You already have and creating a core team, but also training. You don’t want people to just have the same information, the same knowledge rock that they have right now, but you want them to actually grow over time. Right? And, generally, something that already happens in most companies but make sure to also budget for these things specific to experimentation and to these efforts. And also, of course, I mean we’re in a VWO webinar. But generally, like, think about what tools do you need?
What research tools? What A/B testing tools do you need? Or maybe does your company require completely custom experimentation solution? Think about these things and get the budget for it. It’s super important because without the budget, without that means you can try as hard as you want, but you just won’t get anywhere.
Because in the end, just money might be missing. Right?

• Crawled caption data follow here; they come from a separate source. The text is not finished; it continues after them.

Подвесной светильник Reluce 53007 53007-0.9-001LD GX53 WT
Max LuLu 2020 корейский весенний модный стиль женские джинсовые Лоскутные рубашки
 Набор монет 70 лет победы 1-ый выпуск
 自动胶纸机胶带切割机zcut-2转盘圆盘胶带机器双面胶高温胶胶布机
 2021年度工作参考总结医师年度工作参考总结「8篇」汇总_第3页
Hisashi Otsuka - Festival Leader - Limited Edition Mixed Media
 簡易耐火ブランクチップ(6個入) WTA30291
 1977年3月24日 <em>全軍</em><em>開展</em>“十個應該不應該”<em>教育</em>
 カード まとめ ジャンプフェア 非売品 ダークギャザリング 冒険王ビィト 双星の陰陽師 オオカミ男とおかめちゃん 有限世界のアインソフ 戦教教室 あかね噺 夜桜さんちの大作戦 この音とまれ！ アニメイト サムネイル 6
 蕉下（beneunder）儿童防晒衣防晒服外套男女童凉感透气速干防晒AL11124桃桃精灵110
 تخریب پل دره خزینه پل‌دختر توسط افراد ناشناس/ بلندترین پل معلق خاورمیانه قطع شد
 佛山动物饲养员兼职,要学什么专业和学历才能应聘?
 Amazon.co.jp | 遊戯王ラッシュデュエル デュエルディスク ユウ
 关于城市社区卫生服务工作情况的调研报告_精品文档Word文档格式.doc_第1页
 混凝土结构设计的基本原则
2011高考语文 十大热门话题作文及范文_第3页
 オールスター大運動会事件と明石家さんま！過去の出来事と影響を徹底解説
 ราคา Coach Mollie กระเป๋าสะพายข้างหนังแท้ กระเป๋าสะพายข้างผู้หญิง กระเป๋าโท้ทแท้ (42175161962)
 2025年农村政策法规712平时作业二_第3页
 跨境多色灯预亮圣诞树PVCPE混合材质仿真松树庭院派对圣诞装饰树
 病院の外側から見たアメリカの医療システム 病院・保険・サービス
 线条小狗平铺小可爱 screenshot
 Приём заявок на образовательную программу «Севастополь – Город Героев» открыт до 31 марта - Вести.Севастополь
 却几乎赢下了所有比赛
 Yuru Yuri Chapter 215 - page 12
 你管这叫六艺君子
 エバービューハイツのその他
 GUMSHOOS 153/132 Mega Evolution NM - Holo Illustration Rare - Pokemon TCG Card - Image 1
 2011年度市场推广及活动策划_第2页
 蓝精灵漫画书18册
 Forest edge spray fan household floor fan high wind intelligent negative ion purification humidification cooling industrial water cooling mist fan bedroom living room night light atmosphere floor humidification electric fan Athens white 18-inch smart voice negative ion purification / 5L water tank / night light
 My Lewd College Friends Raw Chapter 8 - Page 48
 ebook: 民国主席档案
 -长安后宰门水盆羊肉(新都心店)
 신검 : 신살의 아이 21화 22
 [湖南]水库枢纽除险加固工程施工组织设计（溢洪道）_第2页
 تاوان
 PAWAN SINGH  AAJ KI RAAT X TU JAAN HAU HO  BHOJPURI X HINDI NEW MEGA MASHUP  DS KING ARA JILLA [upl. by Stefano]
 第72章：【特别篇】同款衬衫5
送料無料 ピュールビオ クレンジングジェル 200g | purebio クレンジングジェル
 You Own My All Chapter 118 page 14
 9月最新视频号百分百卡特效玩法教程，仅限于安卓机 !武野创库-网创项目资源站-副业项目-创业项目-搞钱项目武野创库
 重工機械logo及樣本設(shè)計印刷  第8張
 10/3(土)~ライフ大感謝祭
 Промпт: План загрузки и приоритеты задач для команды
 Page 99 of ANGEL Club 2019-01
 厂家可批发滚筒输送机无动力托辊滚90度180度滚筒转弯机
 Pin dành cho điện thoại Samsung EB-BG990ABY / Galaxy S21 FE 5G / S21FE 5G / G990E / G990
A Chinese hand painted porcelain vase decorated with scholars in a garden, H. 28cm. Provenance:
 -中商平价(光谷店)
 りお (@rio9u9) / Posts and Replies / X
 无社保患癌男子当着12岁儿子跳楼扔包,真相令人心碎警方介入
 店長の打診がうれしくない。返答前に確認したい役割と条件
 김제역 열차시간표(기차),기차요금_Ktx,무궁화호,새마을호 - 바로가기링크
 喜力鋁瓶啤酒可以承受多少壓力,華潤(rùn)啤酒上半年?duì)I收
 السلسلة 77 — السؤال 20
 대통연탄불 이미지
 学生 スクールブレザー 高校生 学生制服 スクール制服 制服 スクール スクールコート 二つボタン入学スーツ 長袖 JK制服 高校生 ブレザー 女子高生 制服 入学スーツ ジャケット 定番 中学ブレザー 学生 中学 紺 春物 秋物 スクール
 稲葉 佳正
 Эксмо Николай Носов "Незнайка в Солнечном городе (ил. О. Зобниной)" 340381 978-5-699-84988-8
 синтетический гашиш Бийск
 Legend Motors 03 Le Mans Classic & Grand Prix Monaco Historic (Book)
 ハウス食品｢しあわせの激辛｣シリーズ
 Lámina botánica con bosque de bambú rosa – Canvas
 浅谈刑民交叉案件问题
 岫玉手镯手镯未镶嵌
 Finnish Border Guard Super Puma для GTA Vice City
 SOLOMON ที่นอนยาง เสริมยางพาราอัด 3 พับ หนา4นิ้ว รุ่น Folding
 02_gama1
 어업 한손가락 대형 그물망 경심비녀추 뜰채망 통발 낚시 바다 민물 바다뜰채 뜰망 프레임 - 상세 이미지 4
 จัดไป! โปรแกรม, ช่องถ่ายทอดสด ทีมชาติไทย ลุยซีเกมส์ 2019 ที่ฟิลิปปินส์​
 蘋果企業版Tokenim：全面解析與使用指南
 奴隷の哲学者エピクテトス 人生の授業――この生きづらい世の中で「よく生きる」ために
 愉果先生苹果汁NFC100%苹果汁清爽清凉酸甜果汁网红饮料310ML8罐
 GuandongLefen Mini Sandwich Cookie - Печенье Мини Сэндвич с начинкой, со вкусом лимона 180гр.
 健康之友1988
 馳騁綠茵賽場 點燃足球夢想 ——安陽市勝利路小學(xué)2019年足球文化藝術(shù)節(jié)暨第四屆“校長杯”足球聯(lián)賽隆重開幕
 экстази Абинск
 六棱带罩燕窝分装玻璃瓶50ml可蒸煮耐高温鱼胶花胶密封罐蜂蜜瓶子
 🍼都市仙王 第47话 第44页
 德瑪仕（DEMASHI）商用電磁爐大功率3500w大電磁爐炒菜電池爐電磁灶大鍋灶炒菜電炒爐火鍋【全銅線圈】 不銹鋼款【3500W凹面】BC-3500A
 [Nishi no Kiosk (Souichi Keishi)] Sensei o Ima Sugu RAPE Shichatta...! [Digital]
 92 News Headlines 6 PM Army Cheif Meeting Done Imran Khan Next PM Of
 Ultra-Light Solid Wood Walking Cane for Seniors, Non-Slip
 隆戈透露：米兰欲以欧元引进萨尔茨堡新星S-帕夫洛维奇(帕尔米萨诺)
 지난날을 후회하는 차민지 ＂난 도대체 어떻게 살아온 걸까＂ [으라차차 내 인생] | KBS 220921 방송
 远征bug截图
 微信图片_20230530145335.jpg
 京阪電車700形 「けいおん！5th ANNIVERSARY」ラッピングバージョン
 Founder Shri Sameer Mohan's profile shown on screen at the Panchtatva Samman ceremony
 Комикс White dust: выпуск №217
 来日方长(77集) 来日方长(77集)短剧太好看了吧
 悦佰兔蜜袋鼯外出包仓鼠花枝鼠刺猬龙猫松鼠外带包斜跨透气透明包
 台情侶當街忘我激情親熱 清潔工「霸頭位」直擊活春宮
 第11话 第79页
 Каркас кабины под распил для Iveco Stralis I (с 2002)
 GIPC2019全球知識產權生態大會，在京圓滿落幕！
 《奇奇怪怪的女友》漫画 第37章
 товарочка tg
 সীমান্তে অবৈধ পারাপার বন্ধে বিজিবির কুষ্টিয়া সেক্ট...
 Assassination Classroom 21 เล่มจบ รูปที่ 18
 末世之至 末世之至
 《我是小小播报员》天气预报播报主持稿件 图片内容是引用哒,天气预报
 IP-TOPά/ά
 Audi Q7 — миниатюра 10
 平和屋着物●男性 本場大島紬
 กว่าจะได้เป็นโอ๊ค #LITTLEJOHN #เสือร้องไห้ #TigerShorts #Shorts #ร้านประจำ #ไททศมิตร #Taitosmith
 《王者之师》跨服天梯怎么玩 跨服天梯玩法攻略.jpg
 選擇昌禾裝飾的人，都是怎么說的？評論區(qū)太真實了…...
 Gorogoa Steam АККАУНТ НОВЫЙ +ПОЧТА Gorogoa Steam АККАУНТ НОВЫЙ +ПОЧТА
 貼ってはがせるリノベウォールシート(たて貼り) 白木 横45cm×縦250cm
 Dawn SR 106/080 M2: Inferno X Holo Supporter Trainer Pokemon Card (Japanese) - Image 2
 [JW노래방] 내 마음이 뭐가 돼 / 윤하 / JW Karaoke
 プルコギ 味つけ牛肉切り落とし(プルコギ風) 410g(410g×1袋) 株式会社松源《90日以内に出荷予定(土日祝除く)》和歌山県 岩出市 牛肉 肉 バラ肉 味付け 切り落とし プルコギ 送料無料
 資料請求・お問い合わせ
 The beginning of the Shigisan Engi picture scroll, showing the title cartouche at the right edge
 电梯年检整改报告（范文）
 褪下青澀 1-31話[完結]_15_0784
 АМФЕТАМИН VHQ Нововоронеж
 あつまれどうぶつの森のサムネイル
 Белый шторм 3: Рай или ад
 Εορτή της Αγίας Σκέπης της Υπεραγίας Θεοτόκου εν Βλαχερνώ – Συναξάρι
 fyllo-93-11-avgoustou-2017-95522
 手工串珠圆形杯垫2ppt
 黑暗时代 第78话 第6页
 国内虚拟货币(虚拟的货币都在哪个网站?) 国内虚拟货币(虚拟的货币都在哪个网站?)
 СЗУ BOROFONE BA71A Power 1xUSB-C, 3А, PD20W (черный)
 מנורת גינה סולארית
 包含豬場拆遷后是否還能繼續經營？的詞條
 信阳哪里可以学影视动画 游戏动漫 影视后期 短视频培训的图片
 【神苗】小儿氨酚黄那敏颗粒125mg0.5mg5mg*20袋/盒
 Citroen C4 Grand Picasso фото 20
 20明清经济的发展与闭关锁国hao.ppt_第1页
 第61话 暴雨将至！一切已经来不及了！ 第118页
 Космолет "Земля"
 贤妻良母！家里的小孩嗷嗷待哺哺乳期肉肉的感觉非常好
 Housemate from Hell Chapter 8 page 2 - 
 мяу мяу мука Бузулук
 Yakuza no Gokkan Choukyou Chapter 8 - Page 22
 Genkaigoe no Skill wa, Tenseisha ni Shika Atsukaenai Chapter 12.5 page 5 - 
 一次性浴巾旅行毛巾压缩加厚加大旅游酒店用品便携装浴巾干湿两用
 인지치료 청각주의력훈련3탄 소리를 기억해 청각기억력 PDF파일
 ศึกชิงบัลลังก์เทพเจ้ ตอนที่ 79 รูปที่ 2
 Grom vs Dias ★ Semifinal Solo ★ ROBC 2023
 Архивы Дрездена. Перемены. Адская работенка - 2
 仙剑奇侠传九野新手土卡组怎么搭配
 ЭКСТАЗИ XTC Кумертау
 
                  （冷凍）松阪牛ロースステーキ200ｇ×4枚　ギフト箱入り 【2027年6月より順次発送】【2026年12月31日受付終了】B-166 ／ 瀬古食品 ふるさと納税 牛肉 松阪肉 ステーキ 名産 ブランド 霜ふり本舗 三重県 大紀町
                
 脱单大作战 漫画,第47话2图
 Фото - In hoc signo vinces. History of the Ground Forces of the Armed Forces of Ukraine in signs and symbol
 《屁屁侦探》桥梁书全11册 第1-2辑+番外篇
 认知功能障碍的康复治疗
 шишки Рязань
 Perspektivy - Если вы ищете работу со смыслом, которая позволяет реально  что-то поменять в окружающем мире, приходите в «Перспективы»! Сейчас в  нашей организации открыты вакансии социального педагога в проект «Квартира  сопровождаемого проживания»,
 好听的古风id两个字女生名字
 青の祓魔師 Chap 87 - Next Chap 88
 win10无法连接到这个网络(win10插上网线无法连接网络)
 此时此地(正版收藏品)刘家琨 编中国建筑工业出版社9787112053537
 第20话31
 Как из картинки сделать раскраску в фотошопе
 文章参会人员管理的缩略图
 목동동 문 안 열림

And then one thing, and we did a lot of mistakes in the beginning here, especially as an agency, but what we figured out is that reporting is very, very crucial, not just because it gives us an idea where we are, how the program is evolving or like, how individual tests perform, but it’s very important also to validate the buy in that we got initially, and to keep a constant loop with people that are still providing us and and enabling us to do this. And this is especially important in the beginning because oftentimes, experimentation programs start out as a pilot phase. Right? People or companies start, let’s try this for 3 months, 6 months, a year, but over this time, constantly reminding of the progress you’re making, but also sharing the learnings, right, sharing what stuff went wrong.
And it’s very important to build this kind of mindset that people understand. It’s not just about the revenue added. It’s very important and or whatever the metric is you’re optimizing for. But that people actually know what’s happening. This is super important now. Later, when we talk about visibility, the 3rd building block that I’ve been talking about today, I’ll talk about meeting cadence and reporting cadence a bit more.
Alright. This is, the first building block I think done. And before we go into the second one, funny enough, whoever at VWO who created the post and to promote, today’s webinar had this, yeah, this quote in there from Edward Stanley and I’ll quickly read it to you.
“If you can’t describe what you’re doing as a process, then you just literally don’t know what you’re doing.” And this couldn’t be more true in experimentation than it is in so many other fields. And the reason is because if you don’t really have a process, if you just catch and test the idea from here and then implement experiment here and make a decision there, and things are just going their own weird ways. But the real power of experimentation lies in having a process that you can optimize. And we’ll later also see why this is so important. But let’s quickly dive into the process because this is eventually what’s gonna drive experimentation in your company.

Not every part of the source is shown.